Emily Haynes McGee is a sign language interpreter, crafter, artist, and dabbler. She believes in happiness and creative expression. She is learning to feel what sparks joy. Sometimes, she forgets about logic.Her brain spills over into embleyandyewbert.com.
By now you may have heard of Konmari, the get-your-shiz-in-order method introduced to the world by Marie Kondo’s book, The book has become an international bestseller, and the internet is awash with study guides, checklists, testimonials, and Pinterest boards. Kondo’s sock-rolling philosophy has been dissected at length, and she’s got a clear stance on that unread book that’s been sitting on your shelf for years (Spoiler alert: you’re not going to read it.). In terms of process, there just isn’t much left to say.
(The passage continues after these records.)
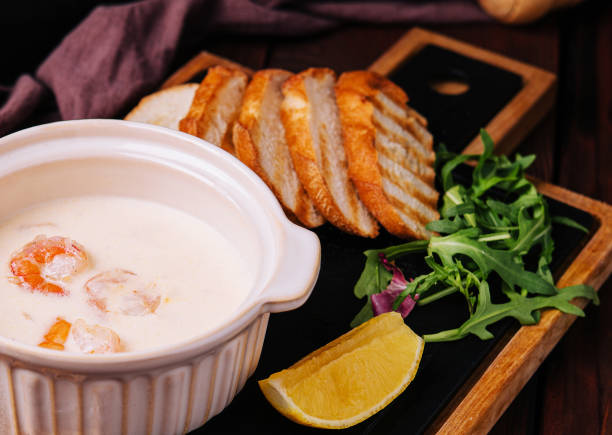 Tasty cream soup with shrimp in bowl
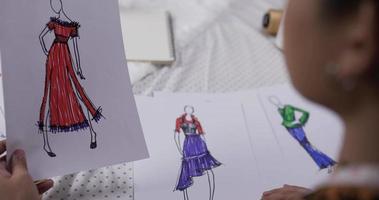 Cierra la mano del diseñador de moda revisando un papel de ropa de boceto en el estudio. el pequeño empresario de inicio está en proceso de crear una nueva colección de ropa. video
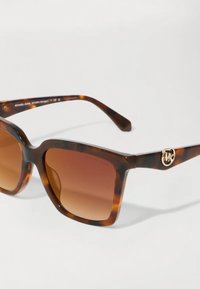 Ochelari de soare din plastic cu model tartău, lentile bordeaux cu gradient, ramă pătrată și un logo auriu MK pe bradă. Suprafață texturată și finisaj neted.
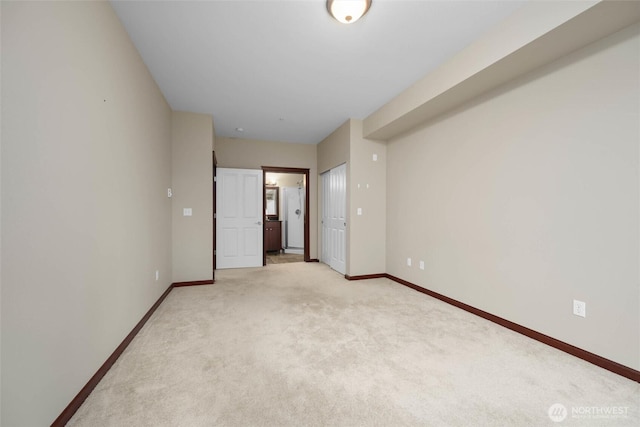 259 W Bakerview Unit 304, Bellingham, WA 98226 - spare room with baseboards and light colored carpet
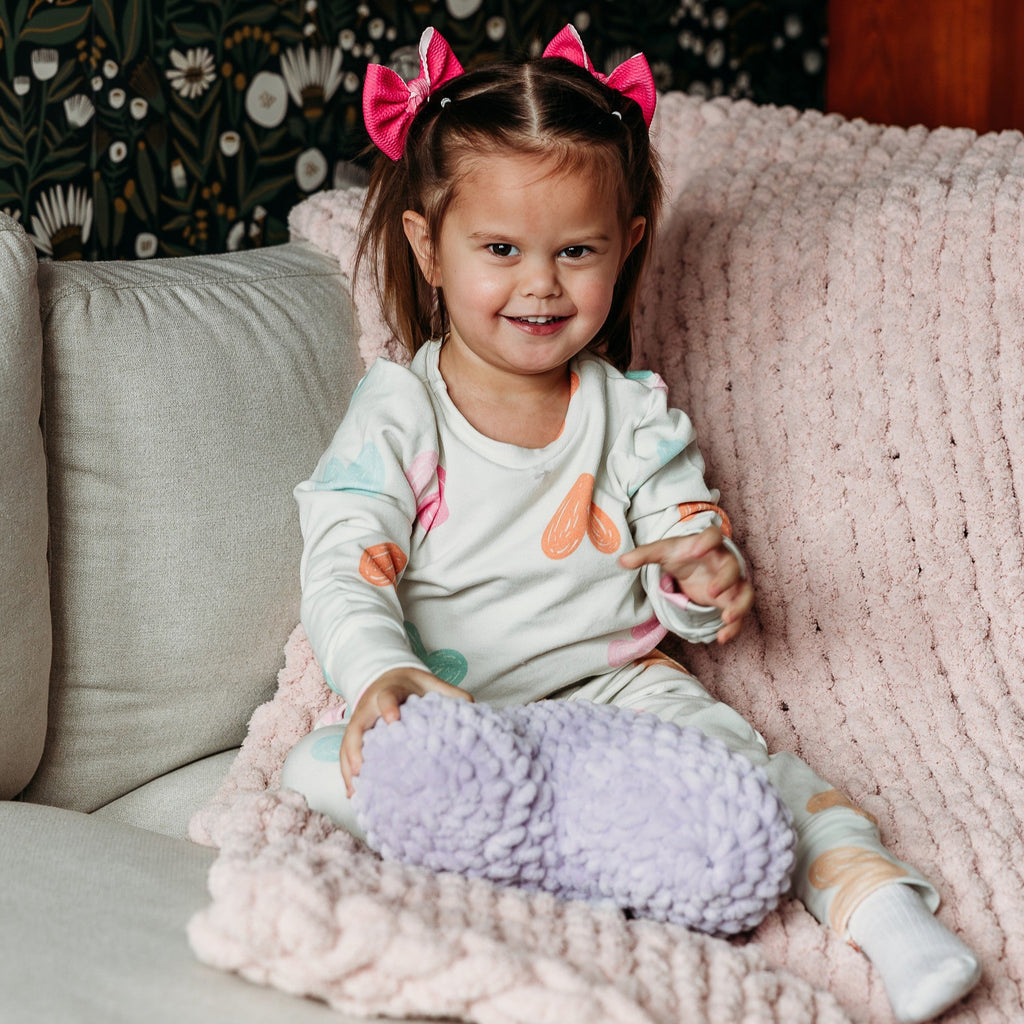 little girl with pink bows in hair and hearts sweatshirt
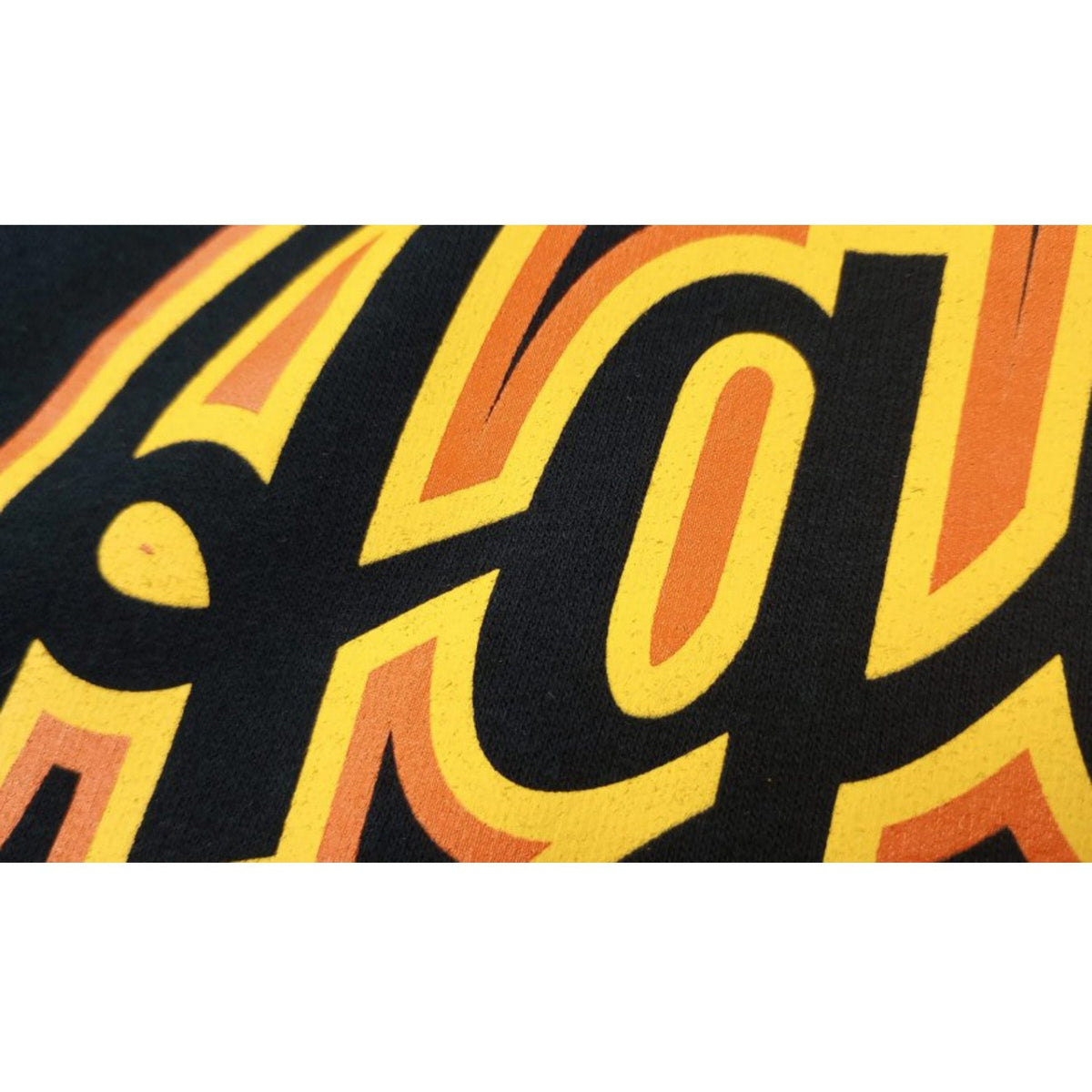 Aguilas Cibaeñas Cursive letters and Black Hooded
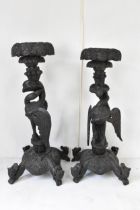 A pair of late 19th century Anglo-Indian colonial ebonized carved plant stands, each having ornately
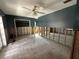 Bedroom undergoing renovation, with wall studs exposed and ceramic tile flooring at 432 51St St W, Palmetto, FL 34221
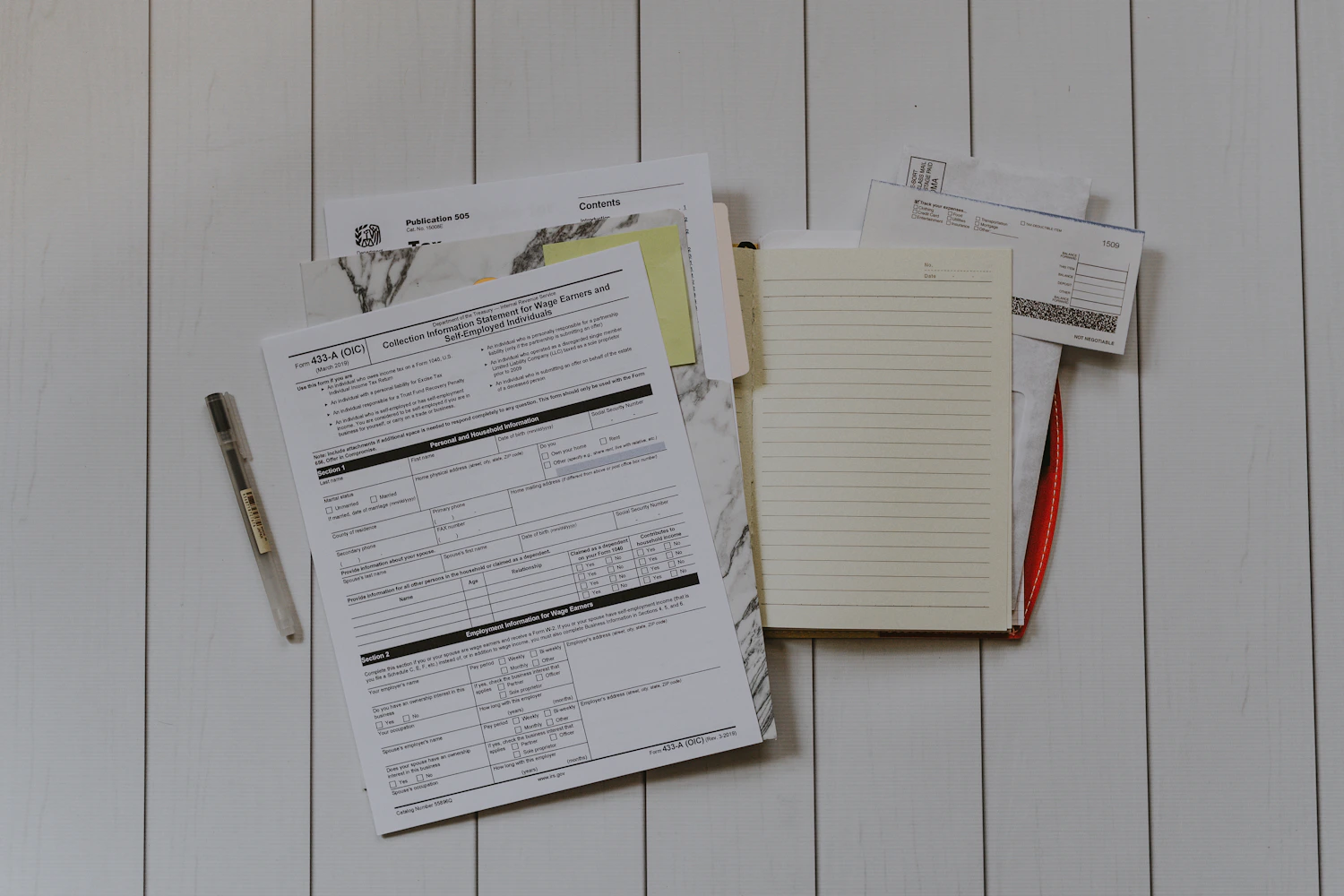 Calculator and financial documents on a desk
But Konmari is about so much more.
“Putting your house in order is the magic that creates a vibrant and happy life.” -Marie Kondo
For the uninitiated, Konmari is a way to declutter and organize your belongings. It’s about letting go of the things that don’t “spark joy”: the jeans that don’t fit right, the air mattress with a hole in it, the birthday gift that fell flat. It’s an ordered, methodical process of sorting things one category at a time—clothes, books, papers—and culling the things that don’t speak to your heart. It’s at times uncomfortably subjective (How do I know if this sparks joy?), and at times weirdly specific (Tops before pants; skin care
Throughout category and instruction, though, the focus is unrelentingly on happiness. And that’s where the magic comes in.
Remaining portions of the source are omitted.